YOUR GOAL – Omit the pictures. Transcribe exactly the lines below, from the one with "Do & Be Cocktail Dress (view 2)" up to and including the last.

DATA FOR THIS EXERCISE –
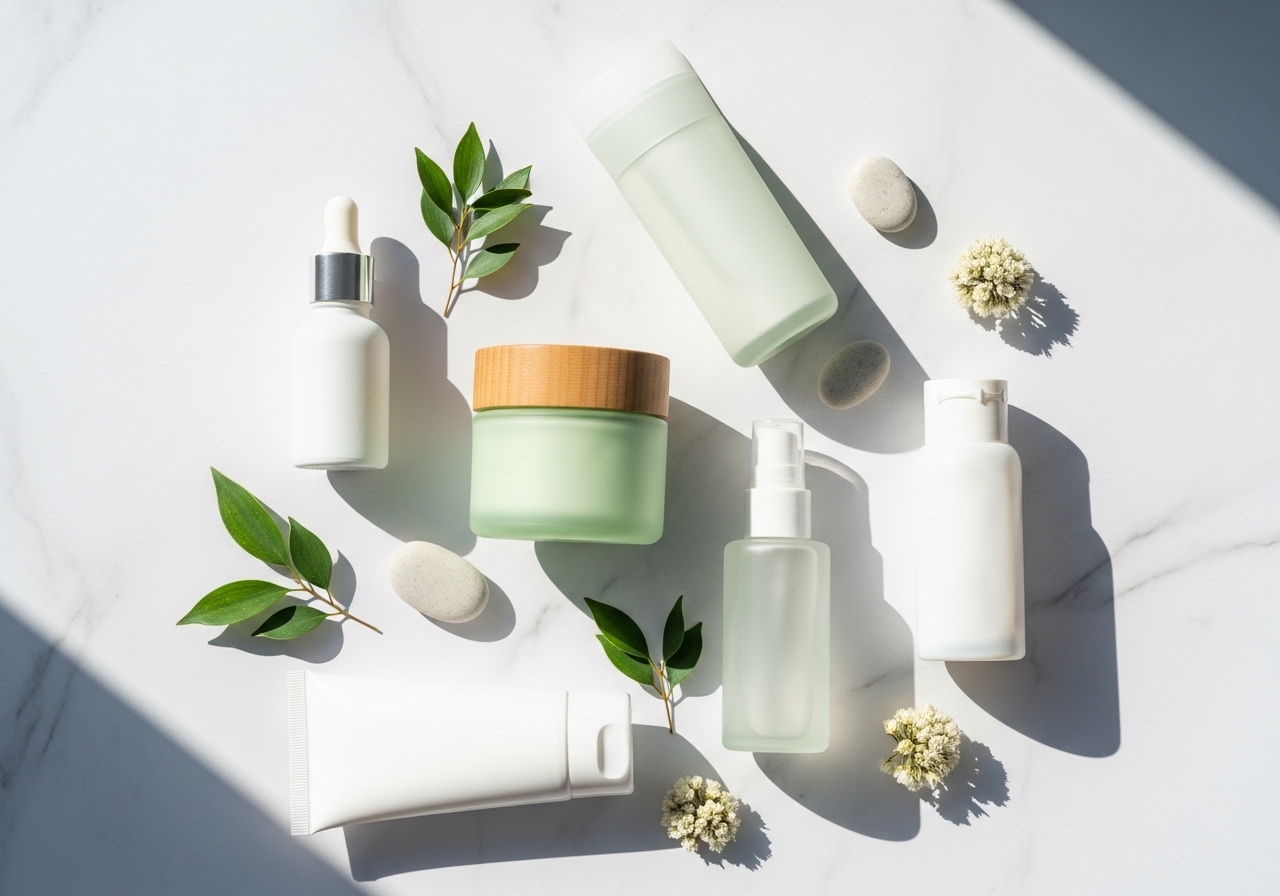 10 Best Non-Toxic Skin Care (August 2026): Expert Reviews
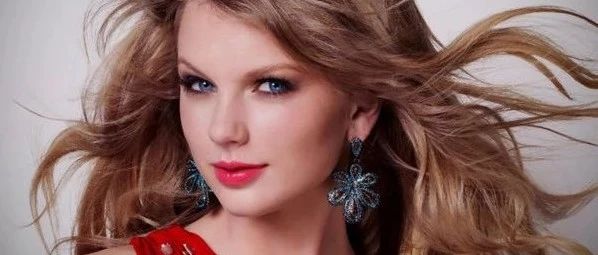 【英语口语】Taylor Swift英国著名脱口秀节目访谈,美丽大方乖巧可爱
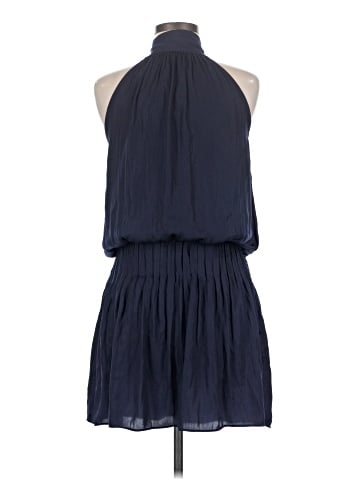 Do & Be Cocktail Dress (view 2)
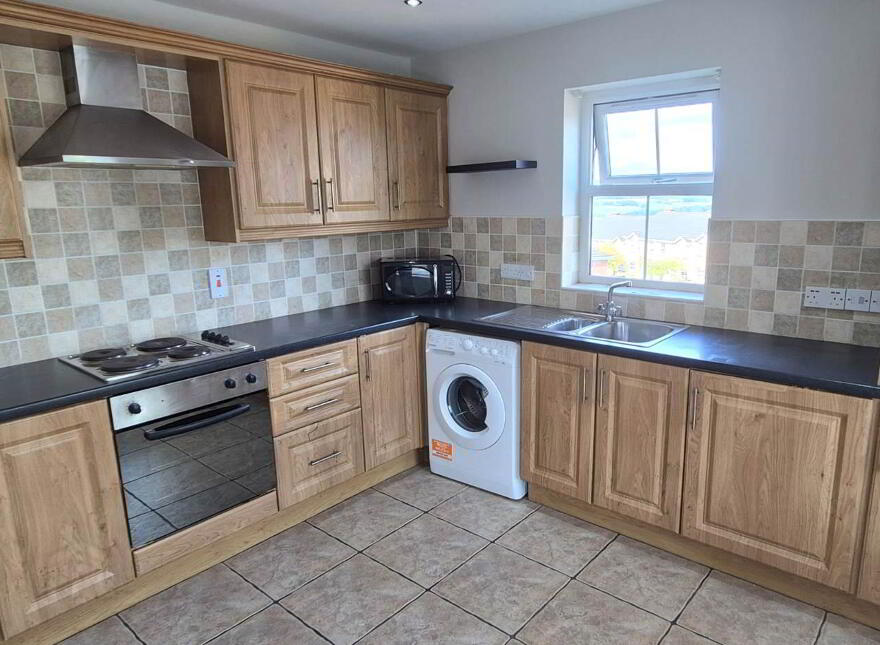 130 Ardgrange, Derry, BT48 0SG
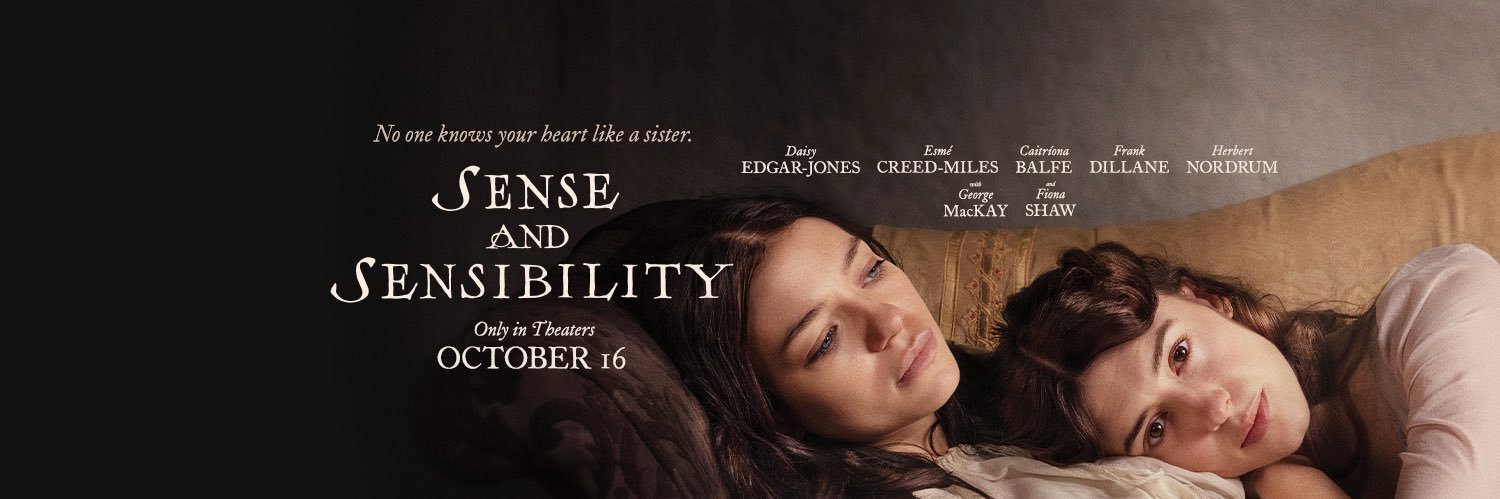 FocusFeatures's profile banner image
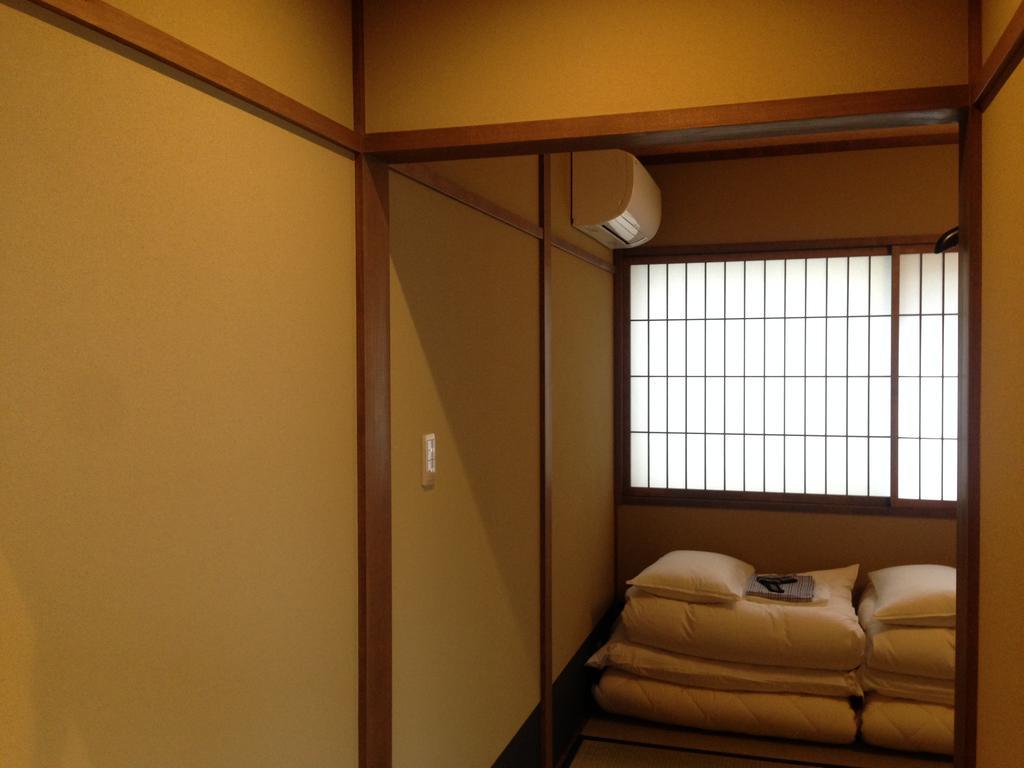 Romankan Annex 2*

SOLUTION FOR THIS EXERCISE –
 Do & Be Cocktail Dress (view 2)
 130 Ardgrange, Derry, BT48 0SG
 FocusFeatures's profile banner image
 Romankan Annex 2*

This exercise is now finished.